When we think about the law, some of us may adopt a moral outlook.

“Laws should be passed only if they are moral. If a law is morally wrong, it should be changed.” (The Author)

For instance, if there was a law that mandated us to beat up the third person we saw every day, we’d probably try to lobby against that because of a fundamental moral principle to not seriously harm innocent people. Or, if there was a law that enshrined Andrew Tate
podcasts into the school curriculum, we should repeal that ASAP ’cause it violates our moral principle of telling the truth.

This kind of perspective is in support of what’s called natural law. Natural law sees moral facts as an essential component of what gives law its authority and legitimacy.

We famously see natural law thinking in Martin Luther King Jr’s Letter from Birmingham Jail.

“How can you advocate breaking some laws and obeying others?”
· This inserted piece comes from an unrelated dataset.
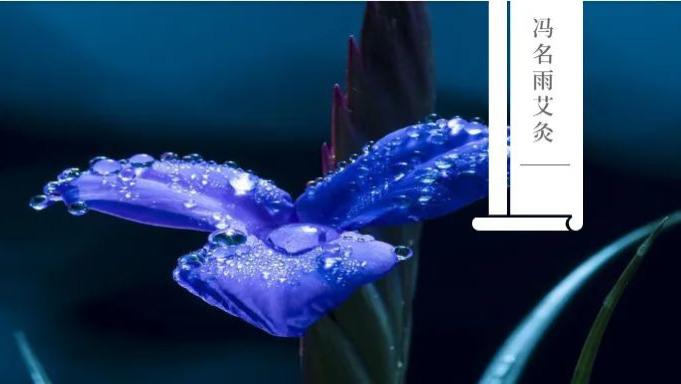 眩晕|眩晕：改善脑供血不足，缓解头部眩晕，这个穴位有奇效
The answer lies in the fact that there are two types of laws: just and unjust. I would be the first to advocate obeying just laws. One has not only a legal but a moral responsibility to obey just laws. Conversely, one has a moral responsibility to disobey unjust laws. I would agree with St. Augustine that ‘an unjust law is no law at all.’”

On the other hand, some of us might say, “I may not like a law, but it’s a law.” It doesn’t matter if I think the death penalty is morally okay or not. If the law says it is a consequence for some crimes here, then sentencing someone to death here is legally legitimate.”

These people side more with legal positivism which states that there is no necessary connection between law and morality. Maybe it’s because you think there is no such thing as “fundamental moral principles.” As philosopher Kelsen argued, the validity of legal norms is dependent on other norms which is dependent on other norms, and so on, until it reaches the top, “the basic norm” that everything depends on, and because nothing can go on infinitely, that basic norm is just assumed to be true. There isn’t actually any rational justification for it.

There’s no higher norm to justify the basic norm or else it would no longer be the basic norm. And Kelson is like, if the foundation underlying
all our legal norms is just an assumption, then technically, anything could be legal. Thus, legal legitimacy to him is judged solely based on “authoritative issue and social efficacy.” But Kelsen’s not saying you HAVE to obey every law just because it’s legitimate.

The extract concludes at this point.